A Guide to Pix2Seq: Language Modeling Framework for Object Detection

Pix2seq is a new approach which is designed in intuition which states that if a neural network is already trained about the where and what the objects are. We just need to train the network to read them out

Most of the object detection models aim to recognize all objects presented in the image of predefined categories. Wherein the results of the detected objects are shown through a set of bounding boxes and the class labels associated with the boxes or categories. With prior knowledge of the architecture and loss functions, these models are designed carefully and also some of them are customized with the same knowledge. For example, many of the models are made for using the bounding boxes and many others are modelled to use the object queries for object binding. In this article, we are going to see how a model named Pix2seq works with an approach of language modelling in object detection. The major points to be discussed in this article are listed below.

Table of Contents

  1. What is Pix2Seq? 
  2. The Pix2Seq Framework 
    1. Sequence Construction From Object  Description
    2. Architecture and Objective
    3. Sequence Augmentation to Integrate Task Priors
  3. Altered Sequence Construction and Altered Inference
  4. Comparison With Other Models

What is Pix2Seq


Sign up for your weekly dose of what's up in emerging technology.
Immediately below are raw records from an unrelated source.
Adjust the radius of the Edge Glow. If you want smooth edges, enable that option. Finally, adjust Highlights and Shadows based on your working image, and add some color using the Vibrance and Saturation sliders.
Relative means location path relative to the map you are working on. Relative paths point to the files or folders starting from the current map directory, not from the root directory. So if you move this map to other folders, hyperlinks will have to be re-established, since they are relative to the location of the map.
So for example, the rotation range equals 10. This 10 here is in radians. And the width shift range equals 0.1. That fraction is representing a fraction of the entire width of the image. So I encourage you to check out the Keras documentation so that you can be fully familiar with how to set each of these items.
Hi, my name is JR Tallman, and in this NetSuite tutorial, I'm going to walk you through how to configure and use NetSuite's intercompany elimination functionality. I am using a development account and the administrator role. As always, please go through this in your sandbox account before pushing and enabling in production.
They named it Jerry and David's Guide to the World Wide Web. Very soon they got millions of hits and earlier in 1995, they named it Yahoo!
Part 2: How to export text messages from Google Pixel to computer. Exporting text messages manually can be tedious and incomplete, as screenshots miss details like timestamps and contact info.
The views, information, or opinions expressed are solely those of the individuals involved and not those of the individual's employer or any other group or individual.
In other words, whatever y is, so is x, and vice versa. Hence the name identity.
Pix2seq is a new approach or model for object detection which is designed in intuition which states that if a neural network is already trained about the where and what the objects are. We just need to train the network to read them out. And by the time the model is learning how to describe the object, the model can also learn the language on the pixel observation, which can lead us to the representation of the objects. To follow this intuition the pix2seq produces the sequence of the tokens from the given image as input. T

These tokens are discrete so that they can lead to the object description reminiscent of an image captioning system. We can say the pix2seq model is a way to make an object detection system like a language modelling system which basically can be achieved by conditioning on the pixels. The architecture and the loss function of this model are relatively simple, we can also use this framework in solving problems of different domains. 
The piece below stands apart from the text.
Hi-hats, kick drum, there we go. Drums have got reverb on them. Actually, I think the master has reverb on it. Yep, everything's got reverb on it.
As we have discussed in the upper part for object detection the pix2seq model produces the sequence of the tokens from the given image for this the model is having a quantization and serialization scheme. We can say the model is not engineered specifically for the detection task. Using the scheme it converts the bounding boxes and class labels in the discrete token and these tokens are arranged in a sequential way than using the sequential models’ encoder-decoder scheme it generates the target sequence from the pixel input. The maximum likelihood of sequenced tokens is the objective function of the model conditioned on the pixel values and next tokens.  We don’t need prior knowledge about object detection because of the model’s architecture and the loss function because they are task-agnostic. In the model it alters the input and sequence while training.

The Pix2seq Framework 

Since the pix2seq model is a way to cast the object detection task in terms of language modeling we can roughly divide the framework into 4 major components mentioned in the below image.

Image source 

  • Image augmentation – in the model pix2seq image augmentation task is performed by a common model. Since it is a basic procedure of any computer vision model the pix2seq uses augmented images to make a set of training examples rich with the data. 
  • Sequence construction and augmentation – labeling the object in any image are done by converting the pixels into a sequence of discrete tokens wherein comparison of other models they usually represent these labels of the object with a set of bounding boxes and class labels.
  • Architecture – in the architecture component of the pix2seq model the model uses the encoder-decoder scheme of the; language modelling where the target sequence is generated by the pixel inputs encoded and received by the encoder.
  • Objective function- we can consider it as the loss function tokens conditioned on the image and the next tokens maximum likelihood used for training of the model.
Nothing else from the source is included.